The Mental Health Foundation introduced a Mental Health Fringe Award last year, a prize for a work of outstanding artistic merit on the subject. But Eaton-Lewis said that working to break the silence around the topic is less of a priority for him now that so many artists talk about it openly. He is now more concerned with the mental well-being of the artists themselves, he said.

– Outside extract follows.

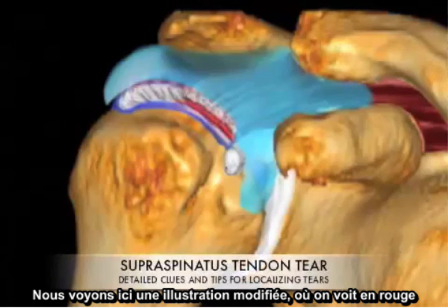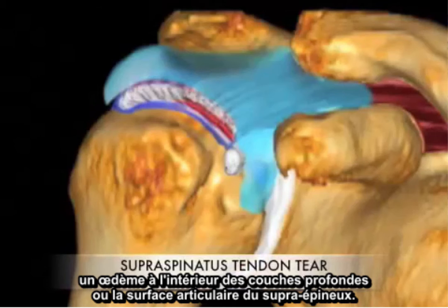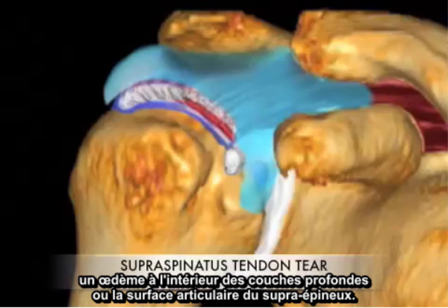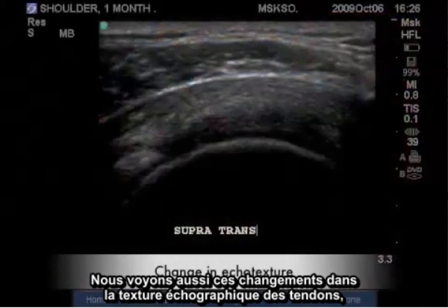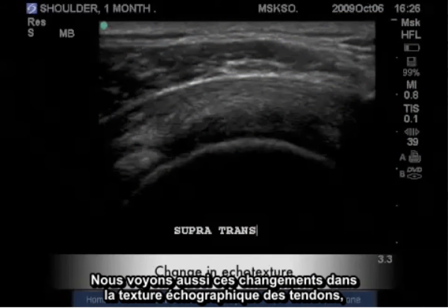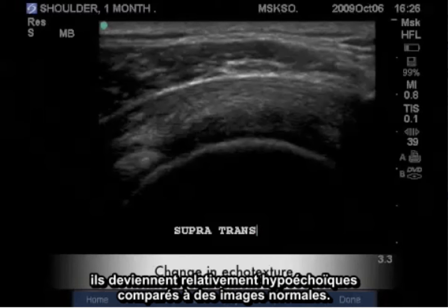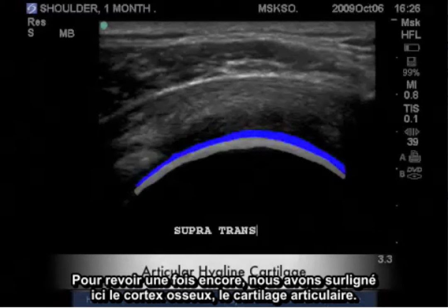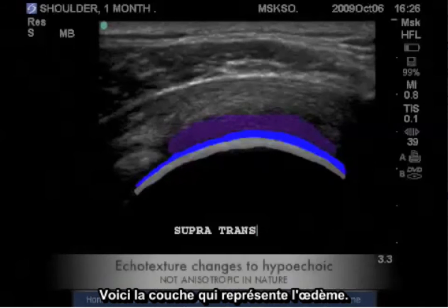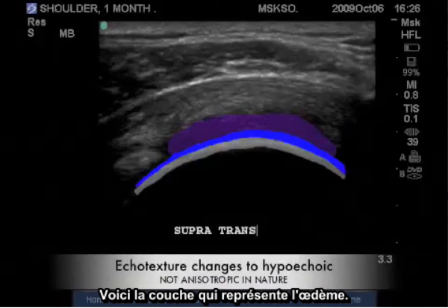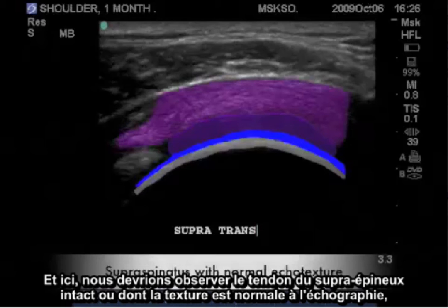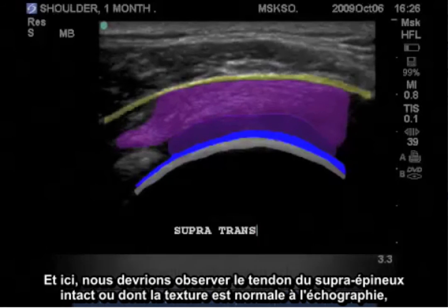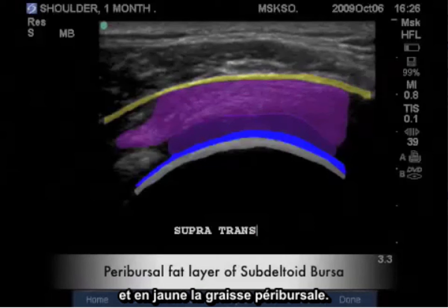Here is a modified illustration showing in red representing edema within the deeper layers or articular surface of the supraspinatus tendon. We also see these changes in the tendon's echo texture — they become relatively hypoechoic compared to normal images. Highlighted here is the bony cortex, the articular cartilage, the layer representing edema, and the intact or normal echo texture of the supraspinatus tendon. Yellow represents the periversal fat.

“Doing an intimate show about a traumatic experience on the Edinburgh Fringe is the most stressful environment for a show, probably in the world,” he said.

Eaton-Lewis is also organizing a workshop for performers called “Mental Health Is a Fringe Issue,” providing an opportunity to talk through both the Fringe experience and how to make theater about mental health. He said there were also free events organized by the festival itself, including “Conquering Performance Anxiety,” a session teaching practical mindfulness, breathing and meditation, and “A Mentally Well Fringe,” a series of therapeutic drop-in sessions.

Ultimately, though, there is no safety net. The Fringe is tough, and performing personal work can be painful. Eaton-Lewis pointed to the success of the 2017 festival’s breakout star, Hannah Gadsby, and her searing show “Nanette,” which became a hit for Netflix after it was recorded at the Sydney Opera House in Australia. “You just hope that somebody making a show like that is able to take care of themselves through that process,” he said. (Gadsby planned to perform at this year’s Fringe, but she pulled out in June, citing scheduling conflicts.)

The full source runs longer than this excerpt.